Since when is Google qualified to redefine words? A closer look reveals that Google’s self-appointed experts don’t even know the basics of capitalization or punctuation. For instance, why no capital T for “the driver…”?

Also, keep in mind that in America, periods never go outside quotation marks, and Google is an American company. What contortions would a Google spokesperson have to go through to defend the period placement at the end of definition 1?

Look at the wording of definition 2: “Used to acknowledge…” Does this strike you as a bit coy? Note the passive voice, which allows Google to duck the key question: “Used” by whom? Well, you hear it (ab)used a lot by education-challenged 18- to 49-year-olds who clearly have not bothered to learn what the word means. That’s why they say things like, “She literally threw me under the bus” and “I’m literally freezing to death.”

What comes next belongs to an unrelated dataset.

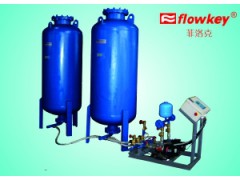 苏州菲洛克真空雾化排气定压补水装置图1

This is the very demographic that produced Google’s founders, and most of its employees. These literally-torturers are the people who make the company profitable. So Google “gives back” by legitimizing its best customers’ sabotage of this powerful word.

We language watchdogs may not like it, but for Google, showing solidarity with its contemporaries—even to the point of endorsing their ignorance—is a savvy business decision.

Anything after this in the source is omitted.